那麽,“二代”們準備好接班了嗎?覬覦家族財富傳承金融服務已久的金融機構,內功修煉又如何?加速入場的各類財富管理機構能否經得住市場的檢驗?

“二代”接班意願低

高皓2008年開始進入家族企業研究領域,當時“一代”企業家還相對年輕,最主要的目標是發展事業和創富,然而“任何人都沒有辦法跑贏時間”。“‘一代’企業家一旦發現身體跟不上了,心態會發生很大變化。原來無所不能,現在無法一天工作15個小時、每年出差200多天,自然會影響到他對整個家族企業的全盤考慮和規劃。”高皓認為。

但現狀卻是,“二代”的接班意願十分薄弱。

“我兩個月前給長江商學院的一個‘二代’班講課,現場問課堂上這60多名學生,只有30%願意接手父輩的企業。”高晧說。

無獨有偶,廣州六脈環球家族辦公室有限公司總裁何嘉編也對第一財經記者說,在珠三角地區,家族企業治理和接班問題很突出,據調查,願意接班的‘二代’不到20%,能有效傳承到‘三代’的比例不到4%。此外,在實際操作中仍有大量公私財產不分、產權不清、盲目投資等財務問題,全球征稅、房地產稅、 遺產稅等潛在稅收風險,高凈值客戶本身公司治理、婚姻關系、遺囑風險等可能存在眾多複雜的法律問題。

“二代” 接班意願為何薄弱?一位從業10年的國有銀行私人銀行部人士對第一財經記者說:一是,現在很多“二代”在海外接受高等教育,與父輩所在的教育環境存有巨大差異,很多一代企業家是做傳統實業的,“二代”不一定感興趣,更願意去從事自己喜歡的行業,比如金融和IT。一些“二代”在海外有一定的專業技術,加上原始的資本積累,有更多機會去嘗試其他行業。

興業銀行私人銀行部人士也對本報記者表示,當前國內很多企業家“二代”對接班的意願不強,主要癥結在於三個方面:有自己的擇業喜好,沒有興趣接班;壓力大,擔心自身經驗和能力不足;不滿 “創一代”的經營方式和管理方法。

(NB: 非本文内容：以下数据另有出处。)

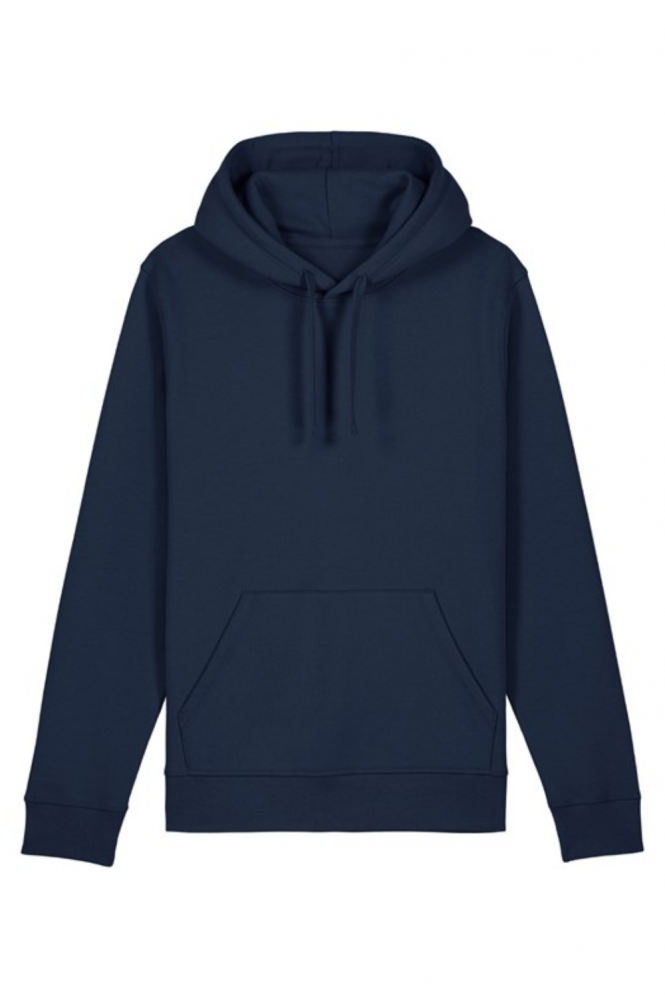Stanley Stella Unisex Drummer 2.0 Hooded Sweatshirt, Navy
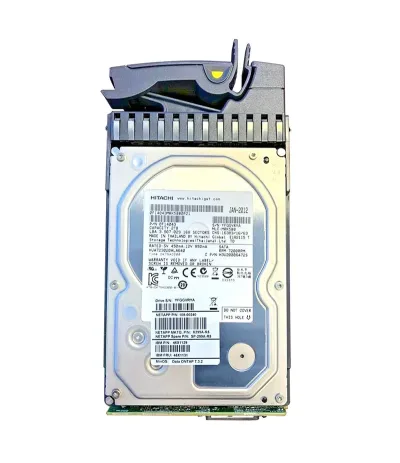 108-00240 - NetApp 2TB 7200RPM SATA 3Gb/s 64MB Cache 3.5-inch Hard Drive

一個讓人耳熟能詳的案例就是萬達集團。萬達集團董事長王健林曾在接受媒體采訪時就“接班人”問題表示,並非一定要傳承給王思聰。“看他。他如果出色當然是最好的人選,如果他擔不起來,可以交給職業經理人。 ”

“如果傳給王思聰,這幫老臣能不能接受他擁護他,將來他要在企業中培養自己的權威,你服眾就傳給你, 不服眾就不傳給你。”王健林如是說。因此,“二代” 是否真正有能力接班,也是家族企業能否成功傳承非常重要的因素之一。

金融機構練內功

據何嘉編介紹,國內可投資金融資產超過10億元的超高凈值人群已經超過1萬人,區域上,廣東占比15%,北京占比超過20%,長三角占比12%-13%,三地總和占比超過一半。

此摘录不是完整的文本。